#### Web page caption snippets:
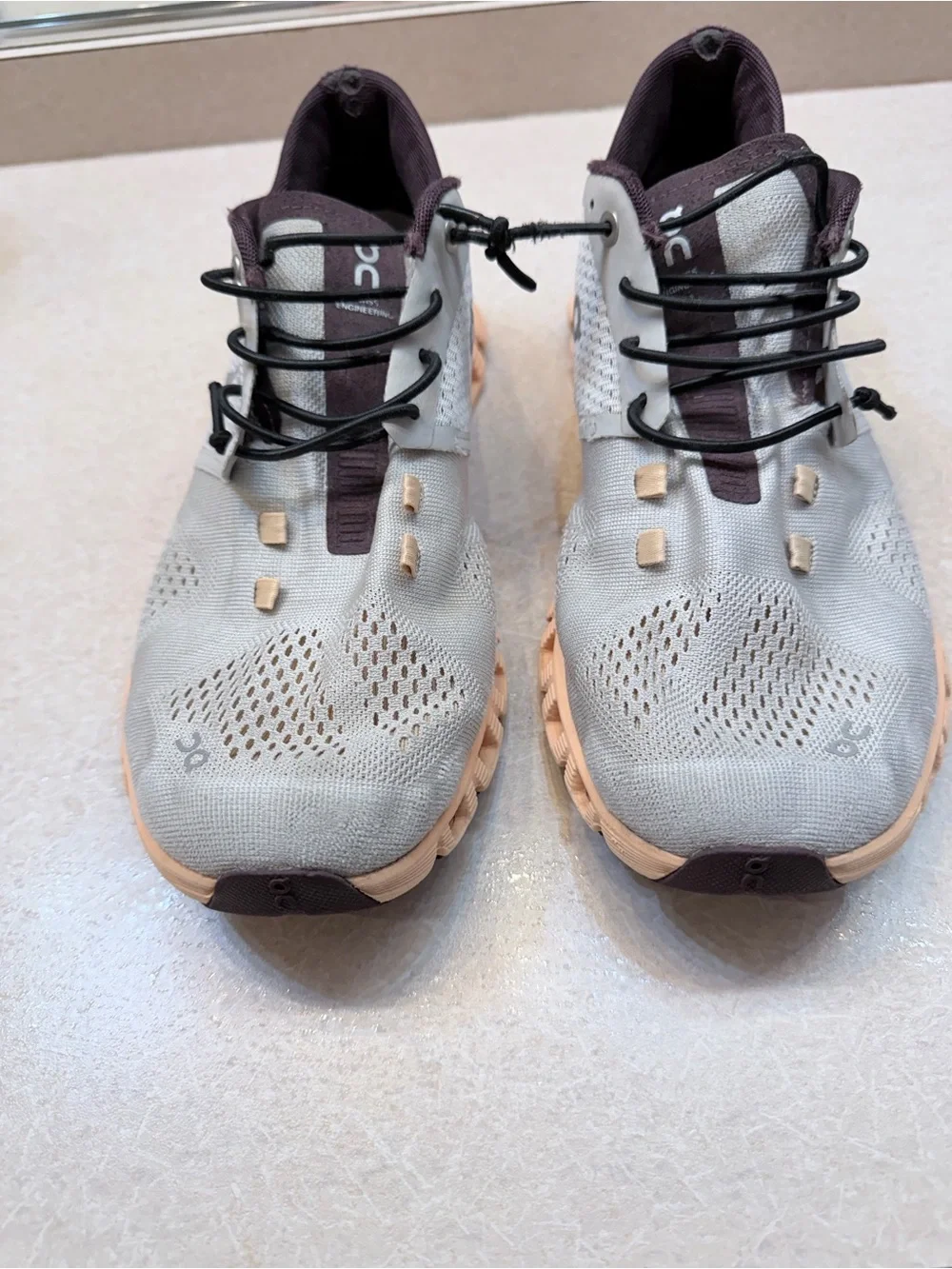 On Running breathable knit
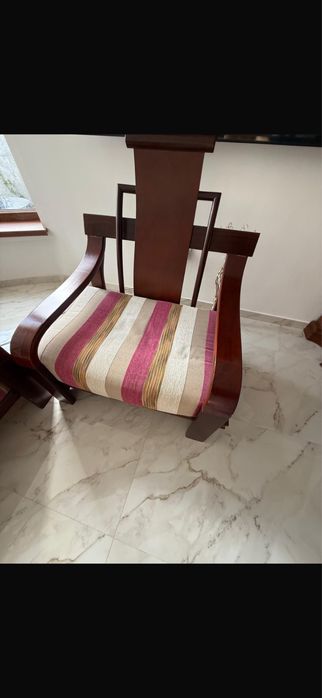 Vand set de canapele din lemn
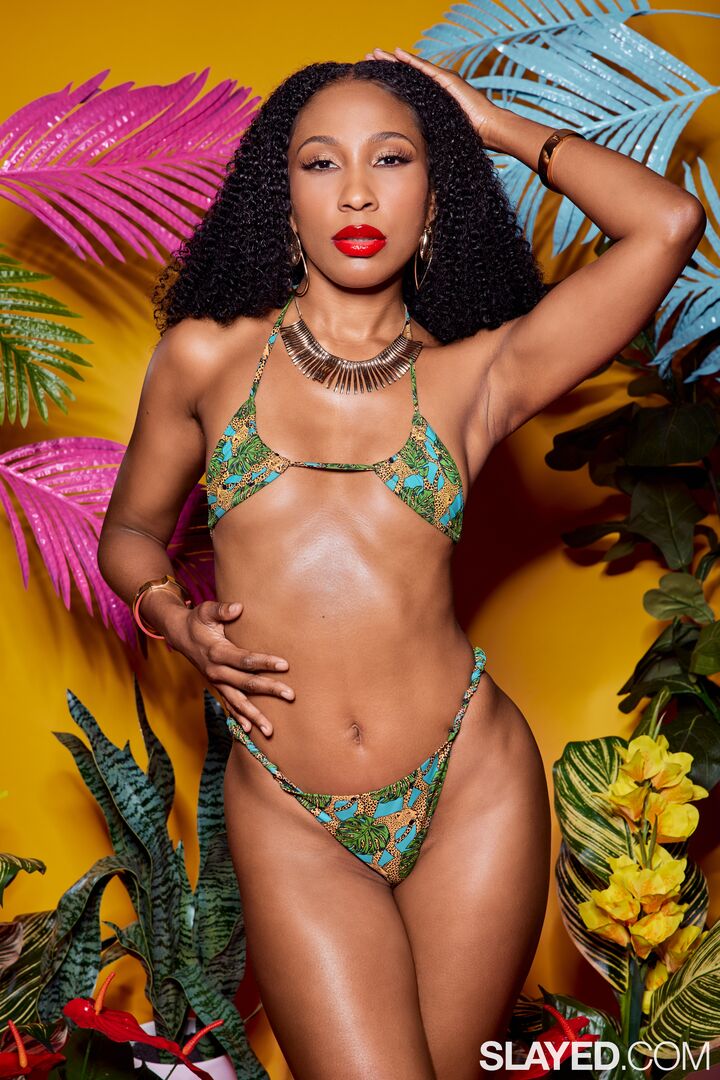 Insatiable Olivia Ravishes Chloes Heavenly Body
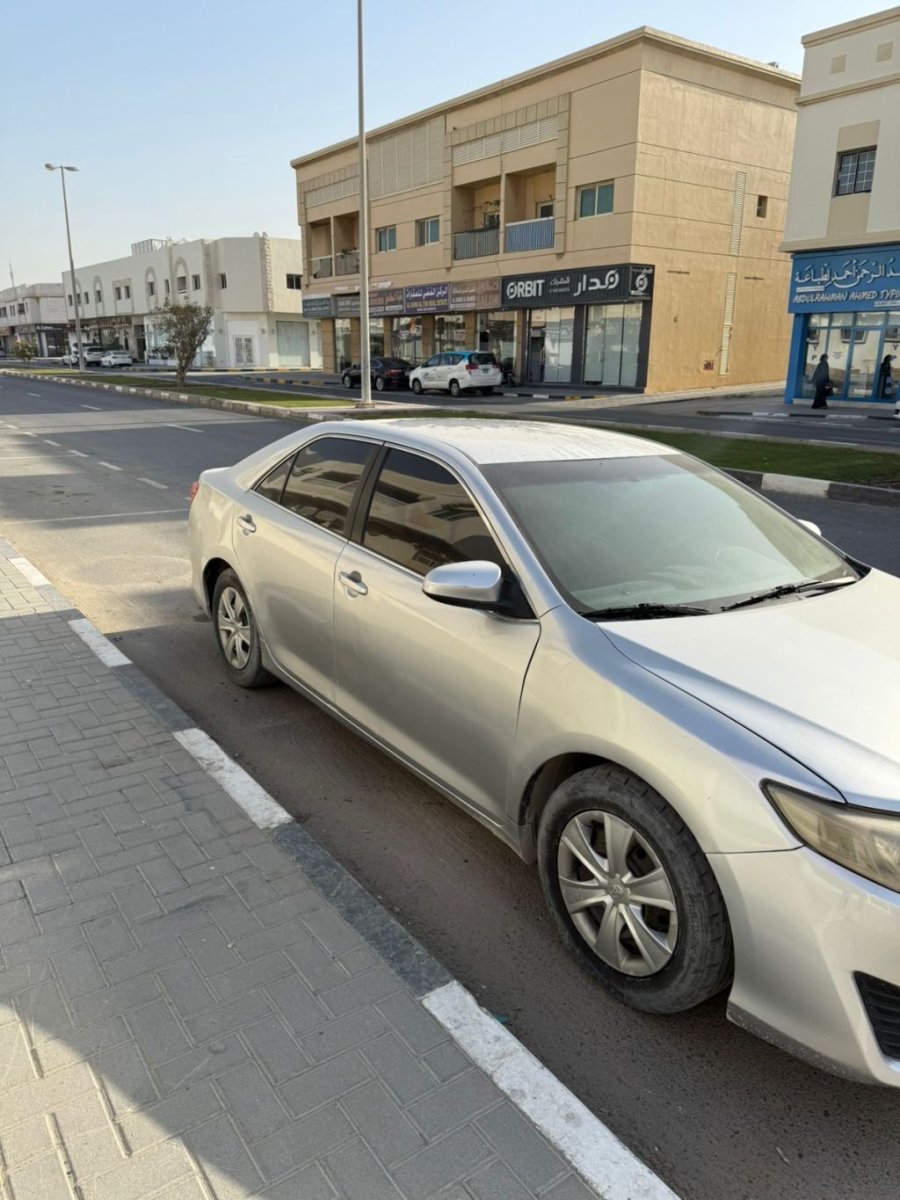 تويوتا كامري 2014 مواصفات خليجية للبيع - سيارات - صورة 5 من 5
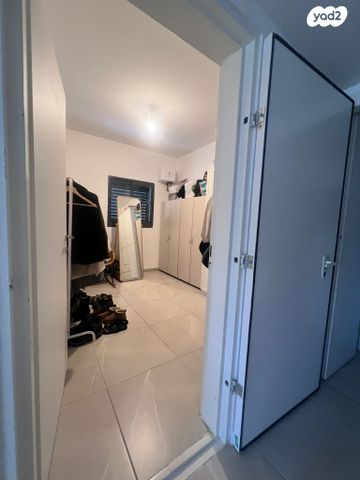 דירה, הרצל 197, ב' / צפון מערב העיר, רחובות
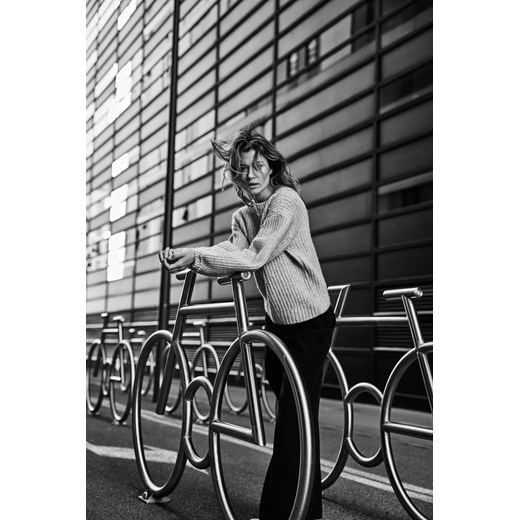 Sweter z perełkami beżowy ze sklepu Moodo.pl w kategorii Swetry damskie - zdjęcie 187285013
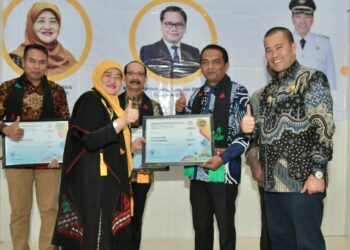 Penghargaan oleh Sekretaris Utama BKN Imas Sukmariah, kepada Pj Sekretaris Daerah Kota Sabang Andri Nourman, di Aula Setdakab Bener Meriah, Redelong, Kamis (20/07/23).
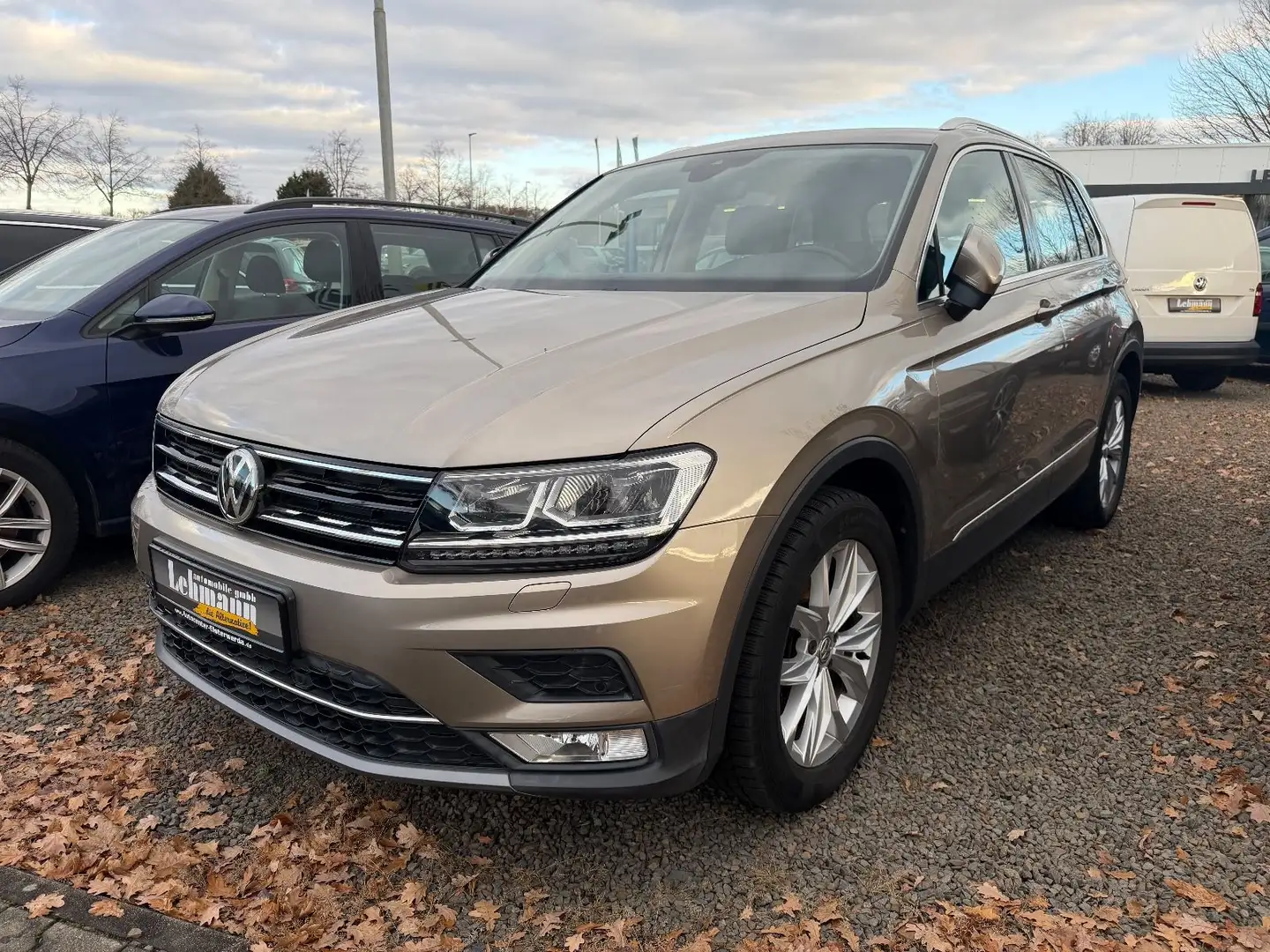 Volkswagen Tiguan 2.0 TDI ( Highline ) Beige - 1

#### YOUR INSTRUCTIONS:
Repeat all of the entries above exactly. Keep pictures out of it.

#### SOLUTION FOR THIS EXERCISE:
 On Running breathable knit
 Vand set de canapele din lemn
 Insatiable Olivia Ravishes Chloes Heavenly Body
 تويوتا كامري 2014 مواصفات خليجية للبيع - سيارات - صورة 5 من 5
 דירה, הרצל 197, ב' / צפון מערב העיר, רחובות
 Sweter z perełkami beżowy ze sklepu Moodo.pl w kategorii Swetry damskie - zdjęcie 187285013
 Penghargaan oleh Sekretaris Utama BKN Imas Sukmariah, kepada Pj Sekretaris Daerah Kota Sabang Andri Nourman, di Aula Setdakab Bener Meriah, Redelong, Kamis (20/07/23).
 Volkswagen Tiguan 2.0 TDI ( Highline ) Beige - 1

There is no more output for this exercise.